A week ago, slogan-shouting students at the Jawaharlal Nehru University (JNU), opposing American “imperialist" policies, succeeded in preventing the US assistant secretary of state, Richard Boucher, from speaking at the campus about Indo-American relations.

In the grand narrative of the Indian Left, this might go down as a major victory, even if it was entirely pyrrhic. Their symbolic act will not make an iota of difference to US foreign policy. Instead of taking on the US diplomat intellectually, the Leftists behaved like Mao’s finest cadres during the so-called Cultural Revolution. In the process, they took the reputation of a university that likes to call itself among India’s best a few notches lower.

Contrast the Leftists’ juvenile performance with the way an American university dealt with a speaker it had no sympathy for. In September last year, Columbia University invited Iran’s President, Mahmoud Ahmadinejad, at its World Leaders Forum. Ahmadinejad not only denies the Holocaust, his regime has been intolerant of gays, dissidents, and has restricted women’s rights. Columbia faced pressure from local and national political leaders, including a few Jewish groups, not to invite Ahmadinejad.

Instead, Columbia went ahead, and its feisty president, Lee C. Bollinger, gave a startling address, where he stressed that universities should be committed to the pursuit of truth. They do not have the power to make war or peace. But they can listen, and ask questions. Then he systematically destroyed Ahmadinejad’s record, reminding his audience of the Iranian regime’s crackdown on scholars, representatives of the Bah’ai faith, homosexuals, journalists and human rights activists; its persistent denial of the Holocaust (Bollinger called Ahmadinejad “brazenly provocative or astonishingly uneducated"); its calls for the destruction of Israel; its funding of terrorism; its attacks on US troops in Iraq; and its nuclear programme. He ended, saying: “I am only a professor, who is also a university president, and today I feel all the weight of the modern civilized world yearning to express the revulsion at what you stand for. I only wish I could do better."

It was an astonishing, tour de force performance, delivered in what Bollinger called “the great tradition of openness that has defined (America. ...inviting Ahmadinejad was) consistent with the idea that one should know thine enemies… [it] is precisely because free speech asks us to exercise extraordinary self-restraint against the very natural but often counter-productive impulses that lead us to retreat from engagement with ideas we dislike and fear."

Boucher is not Ahmadinejad, and the United States is not Iran. But if only the JNU students had half of Bollinger’s eloquence, and the open mind to listen to what Boucher had to say!

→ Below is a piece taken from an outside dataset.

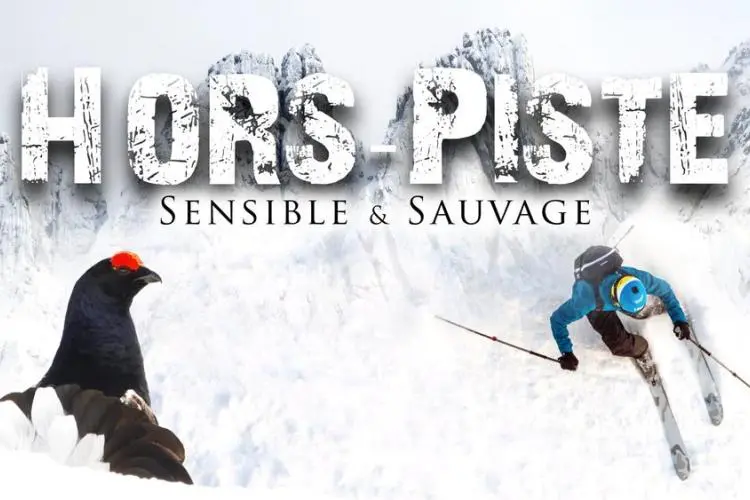 Hors-piste, sensible et sauvage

Curiously, the Akhil Bharatiya Vidyarthi Parishad, the BJP’s student wing, led a counter demonstration at the campus that day. They wanted Boucher to stay, and one ABVP leader even said there should be freedom of expression on the campus. That comes too late. ABVP’s commitment to free speech and academic freedom is charming and touching, given that a few months ago its goons had ransacked the history department of the University of Delhi because a professor had asked students to read an essay by the late poet A.K. Ramanujan, which highlighted the multiple narratives of the Ramayan. The essay, the students claimed, “blasphemed" Hinduism. Earlier in 2004, another Hindu group had vandalized the Bhandarkar Oriental Research Institute in Pune, because an American professor, who had written a book about Shivaji that the group did not like, had consulted some manuscripts at the institute. Years earlier, Mushirul Hasan, the distinguished academic, had to leave his post at the Jamia Millia University in Delhi after Muslim students protested against him, because Hasan considered the banning of Salman Rushdie’s The Satanic Verses to be a bad idea.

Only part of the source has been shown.